Creating container 'integrated-embeddings-items'...
Container ready: <container-resource-id>
Inserted item: item-1
Inserted item: item-2
Inserted item: item-3
Waiting for embeddings: ['item-1', 'item-2', 'item-3']
Generated embedding for item-1 (dimensions: 1536, preview: [0.0123, -0.0456, 0.0789]...)
Generated embedding for item-2 (dimensions: 1536, preview: [-0.0231, 0.0567, 0.0103]...)
Generated embedding for item-3 (dimensions: 1536, preview: [0.0456, -0.0210, 0.0398]...)
Troubleshoot common issues
The following table lists scenarios you might encounter when using Integrated Embeddings, along with possible causes and how to resolve them.

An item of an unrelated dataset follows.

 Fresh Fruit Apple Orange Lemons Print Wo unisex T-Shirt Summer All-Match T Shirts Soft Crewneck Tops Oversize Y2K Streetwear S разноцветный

| What you see | Possible cause | What to check |
|---|---|---|
| The embedding property is missing from new or updated items. | Azure Cosmos DB might not have processed the item yet, the item might not match the embedding policy, or embedding generation might have failed. | Confirm that Integrated Embeddings is enabled, the container vector embedding policy includes embeddingSource, and the item contains the properties listed in sourcePaths. |
| Embedding generation takes longer than expected. | Azure Cosmos DB might be processing a backlog of item changes, or the Microsoft Foundry embedding model deployment might be hitting its rate limit. | Review write volume, Azure Cosmos DB throughput, item size, and the quota on the Microsoft Foundry embedding model deployment. |
| Embeddings are generated for some items but not others. | Some items might be missing the configured source properties, or one or more of those properties might be empty or null. | Compare an item that received an embedding with one that didn't. Confirm that the missing item contains every property listed in sourcePaths and that those properties have non-empty values. |
Pricing
Integrated Embeddings is available at no additional cost. You pay only for the underlying services it uses:
- Microsoft Foundry: Embedding model inference is billed to your Microsoft Foundry resource.
- Azure Cosmos DB: Request units are consumed when Azure Cosmos DB reads the change feed to detect item changes and writes generated embeddings back to your items.
Limitations
Integrated Embeddings is in preview, and the following limitations apply.
- Portal support: Container vector policies can be managed in the Azure portal, but the
embeddingSourceconfiguration isn't supported there yet. Until support is added, use the SDK options shown in the quickstart. - Tooling support: Refer to the quickstart for how to use the feature with the currently supported options, until broader support is available across the Azure Cosmos DB management SDKs, Azure CLI, Azure Resource Manager (ARM), and Bicep.